- [Material for the task]:
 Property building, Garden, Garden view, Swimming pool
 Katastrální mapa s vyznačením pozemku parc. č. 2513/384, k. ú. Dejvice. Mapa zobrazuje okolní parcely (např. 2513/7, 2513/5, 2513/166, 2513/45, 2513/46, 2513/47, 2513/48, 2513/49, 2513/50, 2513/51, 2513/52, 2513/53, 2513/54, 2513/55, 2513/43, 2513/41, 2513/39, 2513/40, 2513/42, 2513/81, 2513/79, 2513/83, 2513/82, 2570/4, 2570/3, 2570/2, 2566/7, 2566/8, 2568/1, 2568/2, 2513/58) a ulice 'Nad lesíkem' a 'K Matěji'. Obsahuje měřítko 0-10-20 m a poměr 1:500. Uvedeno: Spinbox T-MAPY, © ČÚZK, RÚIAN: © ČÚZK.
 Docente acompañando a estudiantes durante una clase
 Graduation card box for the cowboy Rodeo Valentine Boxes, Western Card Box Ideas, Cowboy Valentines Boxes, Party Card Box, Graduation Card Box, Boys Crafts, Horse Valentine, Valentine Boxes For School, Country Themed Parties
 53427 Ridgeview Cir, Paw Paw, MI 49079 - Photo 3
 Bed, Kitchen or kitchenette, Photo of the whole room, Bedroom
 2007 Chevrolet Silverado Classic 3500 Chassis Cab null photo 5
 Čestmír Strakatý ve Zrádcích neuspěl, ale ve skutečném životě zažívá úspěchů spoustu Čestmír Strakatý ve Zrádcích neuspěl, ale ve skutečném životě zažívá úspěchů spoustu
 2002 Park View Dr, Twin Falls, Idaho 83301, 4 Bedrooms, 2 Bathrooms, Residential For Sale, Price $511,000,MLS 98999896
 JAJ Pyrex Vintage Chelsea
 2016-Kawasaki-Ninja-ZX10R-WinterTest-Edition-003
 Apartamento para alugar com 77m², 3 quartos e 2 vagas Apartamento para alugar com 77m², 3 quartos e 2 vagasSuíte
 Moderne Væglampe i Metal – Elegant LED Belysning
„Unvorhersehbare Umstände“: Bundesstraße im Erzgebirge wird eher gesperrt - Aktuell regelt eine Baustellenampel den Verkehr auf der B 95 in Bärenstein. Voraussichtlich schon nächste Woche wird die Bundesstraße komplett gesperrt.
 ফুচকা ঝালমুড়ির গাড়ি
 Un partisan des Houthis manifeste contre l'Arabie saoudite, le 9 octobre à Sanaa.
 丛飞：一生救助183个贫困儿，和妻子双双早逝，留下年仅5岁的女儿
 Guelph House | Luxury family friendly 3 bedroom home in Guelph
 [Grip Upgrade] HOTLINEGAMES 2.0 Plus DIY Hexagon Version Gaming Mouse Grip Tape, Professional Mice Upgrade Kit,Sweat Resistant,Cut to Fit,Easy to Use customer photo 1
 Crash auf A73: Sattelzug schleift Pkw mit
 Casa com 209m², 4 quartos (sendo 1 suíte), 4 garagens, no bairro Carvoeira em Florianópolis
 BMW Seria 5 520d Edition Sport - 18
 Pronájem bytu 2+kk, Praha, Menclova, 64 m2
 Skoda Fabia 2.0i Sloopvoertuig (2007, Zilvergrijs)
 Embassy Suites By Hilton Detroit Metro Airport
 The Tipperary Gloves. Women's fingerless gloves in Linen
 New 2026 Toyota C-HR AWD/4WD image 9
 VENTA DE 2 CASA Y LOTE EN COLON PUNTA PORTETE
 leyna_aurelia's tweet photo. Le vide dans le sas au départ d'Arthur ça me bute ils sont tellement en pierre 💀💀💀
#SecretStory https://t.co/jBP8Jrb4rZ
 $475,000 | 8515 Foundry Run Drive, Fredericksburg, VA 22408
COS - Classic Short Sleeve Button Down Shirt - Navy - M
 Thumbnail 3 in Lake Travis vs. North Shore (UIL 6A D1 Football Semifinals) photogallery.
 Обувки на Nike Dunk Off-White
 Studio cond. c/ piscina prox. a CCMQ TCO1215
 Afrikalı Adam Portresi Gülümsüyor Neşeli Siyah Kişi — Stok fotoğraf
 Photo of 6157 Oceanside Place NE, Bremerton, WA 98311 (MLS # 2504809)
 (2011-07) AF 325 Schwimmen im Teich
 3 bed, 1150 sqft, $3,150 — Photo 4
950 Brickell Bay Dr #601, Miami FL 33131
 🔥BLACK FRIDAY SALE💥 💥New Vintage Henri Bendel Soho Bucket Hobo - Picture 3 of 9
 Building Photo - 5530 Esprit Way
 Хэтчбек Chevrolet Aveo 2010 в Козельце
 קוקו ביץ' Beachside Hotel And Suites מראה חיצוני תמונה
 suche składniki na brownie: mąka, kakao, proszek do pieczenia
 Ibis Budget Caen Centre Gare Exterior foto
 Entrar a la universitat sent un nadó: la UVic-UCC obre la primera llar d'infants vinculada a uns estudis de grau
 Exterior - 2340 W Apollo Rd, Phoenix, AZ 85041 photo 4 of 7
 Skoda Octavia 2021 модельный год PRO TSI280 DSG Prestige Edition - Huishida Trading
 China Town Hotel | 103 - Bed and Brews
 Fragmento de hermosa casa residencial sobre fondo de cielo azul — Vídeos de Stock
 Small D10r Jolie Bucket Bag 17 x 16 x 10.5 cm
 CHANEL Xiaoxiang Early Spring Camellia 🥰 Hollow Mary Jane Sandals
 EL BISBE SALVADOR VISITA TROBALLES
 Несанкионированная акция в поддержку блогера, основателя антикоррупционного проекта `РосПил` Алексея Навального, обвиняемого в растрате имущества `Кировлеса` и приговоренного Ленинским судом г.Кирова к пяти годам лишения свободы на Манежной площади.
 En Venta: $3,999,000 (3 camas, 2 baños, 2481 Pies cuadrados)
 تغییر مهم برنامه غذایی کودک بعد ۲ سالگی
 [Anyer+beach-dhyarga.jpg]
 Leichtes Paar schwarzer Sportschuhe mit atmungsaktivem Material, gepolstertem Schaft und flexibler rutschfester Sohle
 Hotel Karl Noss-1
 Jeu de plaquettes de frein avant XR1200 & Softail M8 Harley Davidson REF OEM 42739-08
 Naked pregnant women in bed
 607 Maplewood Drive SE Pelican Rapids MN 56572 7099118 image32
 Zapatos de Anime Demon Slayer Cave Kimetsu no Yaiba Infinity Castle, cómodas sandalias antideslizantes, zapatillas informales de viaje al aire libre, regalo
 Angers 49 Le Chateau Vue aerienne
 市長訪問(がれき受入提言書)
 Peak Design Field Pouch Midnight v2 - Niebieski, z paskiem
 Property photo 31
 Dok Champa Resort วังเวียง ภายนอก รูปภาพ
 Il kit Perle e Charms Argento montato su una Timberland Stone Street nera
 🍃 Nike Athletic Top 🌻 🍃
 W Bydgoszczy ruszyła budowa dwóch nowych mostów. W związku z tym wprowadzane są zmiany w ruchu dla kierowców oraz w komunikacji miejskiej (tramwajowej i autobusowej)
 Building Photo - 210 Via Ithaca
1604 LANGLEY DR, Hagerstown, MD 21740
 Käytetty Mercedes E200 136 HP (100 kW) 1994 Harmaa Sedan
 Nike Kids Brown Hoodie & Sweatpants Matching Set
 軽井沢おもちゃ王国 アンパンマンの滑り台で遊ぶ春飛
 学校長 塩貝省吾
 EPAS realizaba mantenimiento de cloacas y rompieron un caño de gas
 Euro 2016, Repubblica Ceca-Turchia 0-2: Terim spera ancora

- [Your goal]:
Which lines above run from the one containing "En Venta: $3,999,000" to the one containing "Property photo 31"? Give them again exactly, both ends included.

- [Output for this task]:
 En Venta: $3,999,000 (3 camas, 2 baños, 2481 Pies cuadrados)
 تغییر مهم برنامه غذایی کودک بعد ۲ سالگی
 [Anyer+beach-dhyarga.jpg]
 Leichtes Paar schwarzer Sportschuhe mit atmungsaktivem Material, gepolstertem Schaft und flexibler rutschfester Sohle
 Hotel Karl Noss-1
 Jeu de plaquettes de frein avant XR1200 & Softail M8 Harley Davidson REF OEM 42739-08
 Naked pregnant women in bed
 607 Maplewood Drive SE Pelican Rapids MN 56572 7099118 image32
 Zapatos de Anime Demon Slayer Cave Kimetsu no Yaiba Infinity Castle, cómodas sandalias antideslizantes, zapatillas informales de viaje al aire libre, regalo
 Angers 49 Le Chateau Vue aerienne
 市長訪問(がれき受入提言書)
 Peak Design Field Pouch Midnight v2 - Niebieski, z paskiem
 Property photo 31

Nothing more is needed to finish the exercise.